Exercise details —
Having located the line with "thumb95047161", repeat it and all remaining lines of the records exactly. Pictures do not belong in the answer.
--- START ---
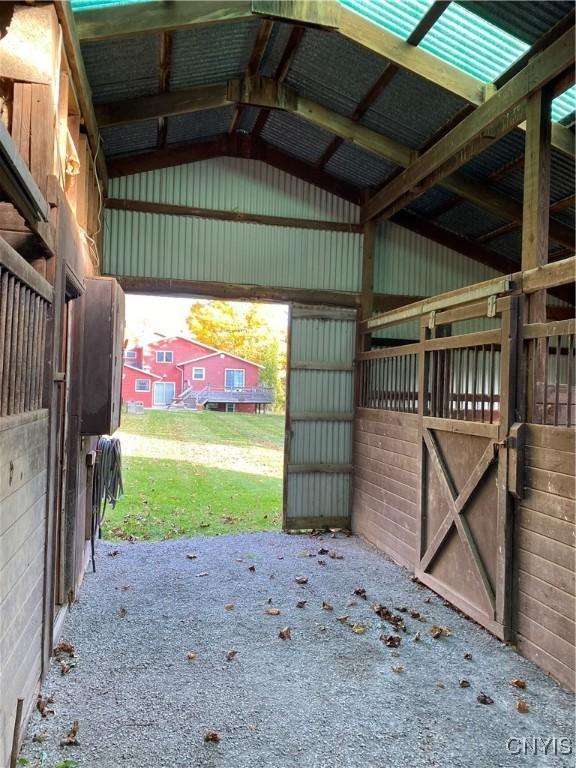 3773 Henneberry Rd, Pompey, NY 13078 - photo 43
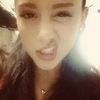 zarina_mayman
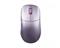 thumb95047161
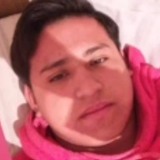 Joseignacioa5E from La Barca | Man | 23 years old | Taurus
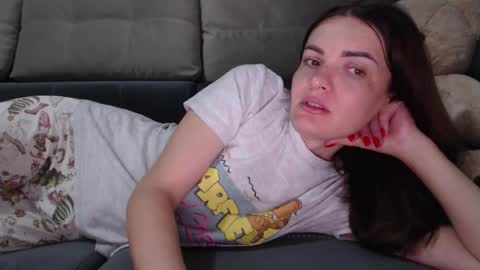 See you on October  going to miss you guys incredibly. Subscribe to my  Onlyfans  Channel to follow the news online show from October 26, 9:43 pm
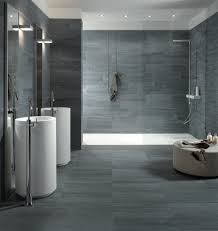 Beige Fliesen Bad Ziakia Liebenswert Badezimmer Fliesen Mosaik Grau Badezimmer Fliesen Bad Fliesen Ideen Bad Fliesen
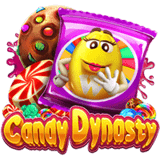 Candy Dynasty Candy-dynasty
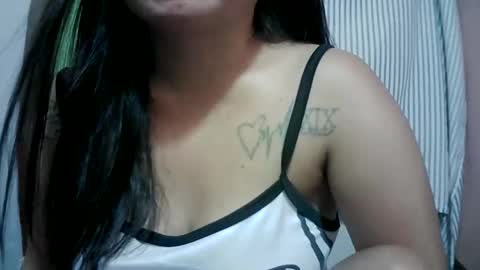 naughtymom_33 online show from 30, 3, 2026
--- END ---
Response to the task —
 thumb95047161
 Joseignacioa5E from La Barca | Man | 23 years old | Taurus
 See you on October  going to miss you guys incredibly. Subscribe to my  Onlyfans  Channel to follow the news online show from October 26, 9:43 pm
 Beige Fliesen Bad Ziakia Liebenswert Badezimmer Fliesen Mosaik Grau Badezimmer Fliesen Bad Fliesen Ideen Bad Fliesen
 Candy Dynasty Candy-dynasty
 naughtymom_33 online show from 30, 3, 2026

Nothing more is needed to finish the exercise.